Shannon’s theory put bounds on how much redundancy is required for a given level of guarantee against loss. While the theory didn’t provide the actual encoding and decoding algorithms, it proved that such encodings must exist, which inspired a great deal of work by numerous researchers on the problems of how to detect and correct data corruption or loss with minimum redundancy.
The most successful approach to the problem is the family of encodings known as forward error correction (FEC) codes. With FEC codes, redundancy can be added to a stream of symbols—usually bits—in such a way that the original set of symbols can be recovered even if some of the data stream is missing or corrupted. The encodings are called “forward” because they do not work by detecting corruption and asking for a re-transmission but actually correct the error using the damaged augmented data.
A bewildering variety of such codes have been invented, but the most widely used family of FEC algorithms today are known as Reed-Solomon Error Correction Codes (RS). These codes were designed with data transmission in mind, but there is no logical difference between stored data and transmitted data—you can think of storage media being simply a transmission channel that holds the data for an indeterminate amount of time. Thus, the same technique can be used for both transmission applications, such data radioed from interplanetary space missions or satellites, and to increase the reliability of storage media such as CD’s, RAID-6 disk drives, Isilon NAS storage, and soon, HDFS.
In the context of HDFS, the term “erasure code” is often used instead of Reed-Solomon.
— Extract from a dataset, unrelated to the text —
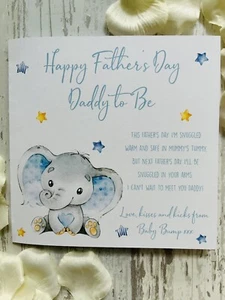 Handarbeit Babybauch Vatertagskarte Elefant Gedicht Papa zum Geburtstag Opa  - Bild 1 von 7
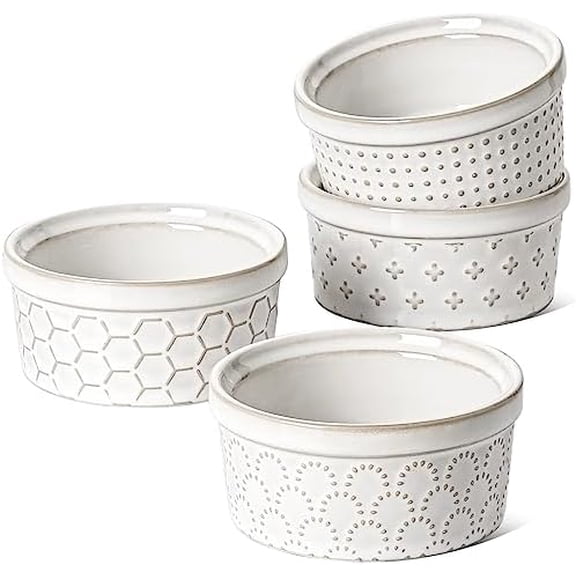 Ramekins 4 oz Oven Safe for Creme Brulee, Charcuterie Boards Bowls for Souffle, Small Sauce Bowl, Ceramic Baking Dishes - 3.8 inch, Set of 4, Arctic White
This is because Reed-Solomon handles both erroneous symbols and missing symbols, and in HDFS, RS is used to insure against the latter. (Bit errors are handled by a different mechanism.) The name erasure comes from the name of the mathematical model of digital communication known as a binary erasure channel (which you can read about here) that is used to reason about situations in which some of the bits are missing, i.e., have been erased.
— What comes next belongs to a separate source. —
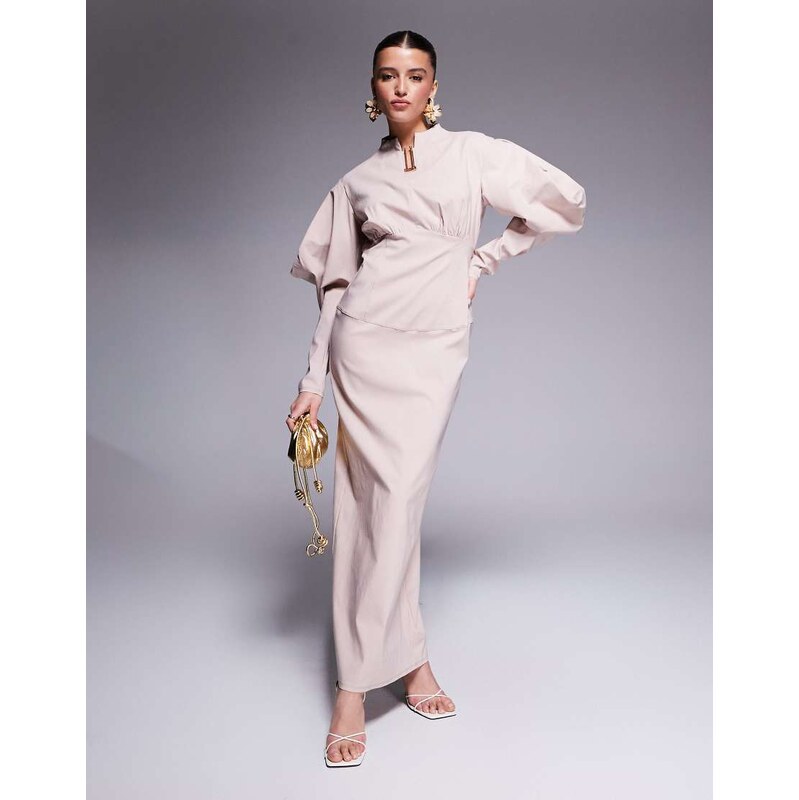 Daska structured balloon sleeve maxi dress in sand-Brown 109585771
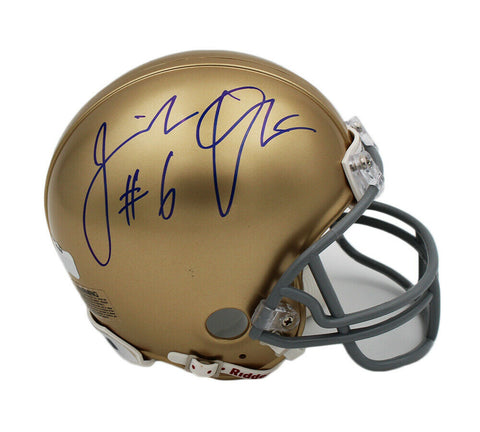 Jeremiah Koramoah Signed Notre Dame Fighting Irish Schutt Gold NCAA Mini Helmet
The details of how RS works are beyond the scope of these notes, but the gist of what the RS coding scheme does is to add a certain number of parity bits to each unit of input, then convert the padded unit into the coefficients of a polynomial using finite field arithmetic.
Only certain outputs are possible for a given encoding, and collectively these possible outputs have the property that each of them is as different from every other as it is jointly possible for them all to be. In particular, if you use m parity bits, each output symbol is guaranteed to be different enough from all others that you can lose of m of the bits before what remains becomes ambiguous (or it can detect and correct changes to m/2 of the bits.)
To make this concrete, let’s think in terms of disk drives. The level of protection provided by RS is described by the equation n=k+m, where k is the original amount of data, m is the amount of redundancy added and n is the sum of the two. You may see this written as RS(k,m). The values k=10 and m=4 would be suitable for distributed file system, and that would make n=14. This means you’d have information about 10 input bits spread across 14 output bits in the transformed encoding. If each of the 14 values is written to a different disk drive, then so long as you can read k, i.e., 10, of the drives, you can reconstruct the original data.
The thing to note here is that RS achieves this resilience with much less redundancy than would result from multiple copies. HDFS can lose data if only three drives fail, but if data is encoded with RS(10,4) as in the above example, you can lose as many as four disk drives while increasing the data size by only 1.4X. There is no need to limit m to four—you can make the probability of data loss as low as you want by increasing the redundancy, so long as you are willing to pay for the storage, computational, and network cost for encoding, storing, and decoding the data.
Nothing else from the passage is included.